He sipped the wine. “Blessed are Thou, God, King of the universe, who has sanctified us by His commandments and given us the
laws of marriage.”

He motioned for me to produce the ring and slip it on Rain’s finger. “Repeat after me,” he said, glancing again at the storm
clouds.
“Hareï at mekudeshes …”

“Harei at mekudeshes.”

“… li betaba ‘as zo kedas …”

“Li betaba ‘as zo kedas.”

“… moyshe veyisro eyl.”

“Moyshe veyisro ‘eyl.”

“What language is he talking, angel?” Shirley asked Dwayne behind our backs.

“Lilliputian,” I said under my breath. “It is the mother tongue of one of the lost tribes of Israel.”

“Behold, you are sanctified to me by this ring,” the Rebbe intoned, “according to the law of Moses and Israel.”

When I hesitated, he nodded vigorously for me to repeat it.

Still clinging to Rain’s hand, I turned to her. “Behold, you are sanctified to me by this ring …” I cleared my throat.

“So what are you nervous about?” she whispered. “You’ve been married before.”

“That is what I am nervous about,” I whispered back.

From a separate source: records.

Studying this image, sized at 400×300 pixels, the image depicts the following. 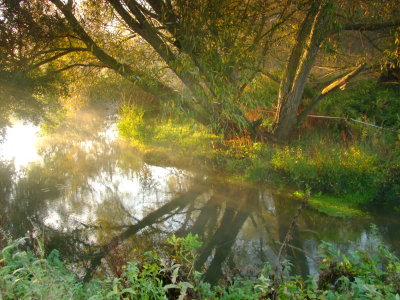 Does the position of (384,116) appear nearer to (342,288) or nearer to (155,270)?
(342,288)

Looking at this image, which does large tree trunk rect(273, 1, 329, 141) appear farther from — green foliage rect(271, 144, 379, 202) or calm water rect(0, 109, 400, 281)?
calm water rect(0, 109, 400, 281)

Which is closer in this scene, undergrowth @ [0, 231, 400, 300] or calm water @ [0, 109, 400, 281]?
undergrowth @ [0, 231, 400, 300]

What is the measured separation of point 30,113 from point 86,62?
6.18 ft

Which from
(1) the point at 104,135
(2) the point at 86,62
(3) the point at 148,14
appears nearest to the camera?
(3) the point at 148,14

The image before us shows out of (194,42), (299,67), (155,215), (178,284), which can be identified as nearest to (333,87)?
(299,67)

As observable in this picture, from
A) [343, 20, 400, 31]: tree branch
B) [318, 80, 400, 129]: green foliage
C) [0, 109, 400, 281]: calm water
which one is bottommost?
[0, 109, 400, 281]: calm water

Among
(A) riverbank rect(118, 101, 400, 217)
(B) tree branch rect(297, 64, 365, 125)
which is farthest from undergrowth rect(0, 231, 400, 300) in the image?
(B) tree branch rect(297, 64, 365, 125)

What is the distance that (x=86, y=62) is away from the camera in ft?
29.9

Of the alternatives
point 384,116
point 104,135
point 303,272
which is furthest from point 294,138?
point 104,135

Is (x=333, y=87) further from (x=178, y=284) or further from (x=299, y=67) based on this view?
(x=178, y=284)

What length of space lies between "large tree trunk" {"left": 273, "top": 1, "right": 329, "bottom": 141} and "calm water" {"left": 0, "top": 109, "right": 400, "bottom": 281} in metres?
2.08

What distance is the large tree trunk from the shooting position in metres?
6.90

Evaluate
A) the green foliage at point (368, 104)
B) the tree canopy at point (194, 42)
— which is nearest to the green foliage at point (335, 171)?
the tree canopy at point (194, 42)

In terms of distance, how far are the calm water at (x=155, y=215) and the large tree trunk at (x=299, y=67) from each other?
2.08 meters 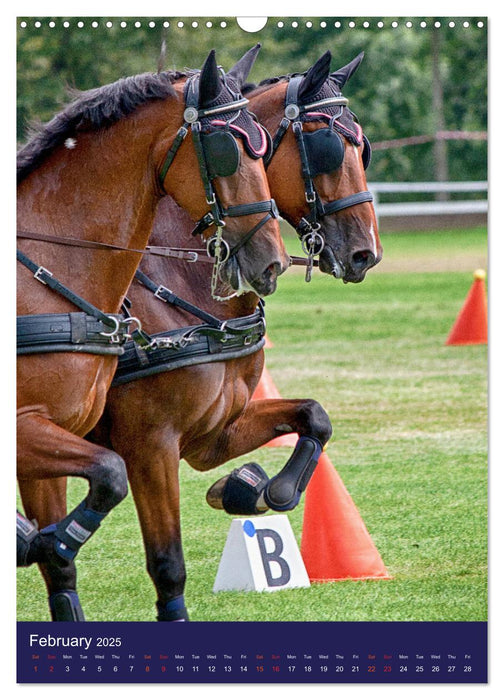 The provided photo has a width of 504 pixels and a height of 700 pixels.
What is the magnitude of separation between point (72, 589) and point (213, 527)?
5.83 ft

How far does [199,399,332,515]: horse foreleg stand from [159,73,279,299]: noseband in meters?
1.06

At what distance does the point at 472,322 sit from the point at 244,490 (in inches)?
269

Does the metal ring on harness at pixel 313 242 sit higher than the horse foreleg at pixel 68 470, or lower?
higher

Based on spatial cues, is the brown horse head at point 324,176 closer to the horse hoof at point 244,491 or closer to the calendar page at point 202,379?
the calendar page at point 202,379

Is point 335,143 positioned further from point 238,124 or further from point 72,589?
point 72,589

I started to slip into a fiction, but caught myself at the last instant. It dawned on me that the chaos of the moment was
infinitely more interesting.

I took a deep breath and completed the ritual sentence. “… according to the law of Moses and Israel.”

The Rebbe’s head bobbed gleefully, his coiled sideburns cavorting in the air. “With these words the delicious deed is done.
Under Jewish law the bride is considered a married woman, the groom a married man.”

“Hey, I don’t feel different,” Rain announced.

Shirley burst into tears. “It’s … so … fucking … fly.”

Fighting back tears, Rain reached up and with a strength I did not know she possessed pulled my head down to hers. She pressed
her lips fiercely against my cheek, when she spoke I felt her breath singe my ear.

“I swear to Christ I’ll be there when you need me.”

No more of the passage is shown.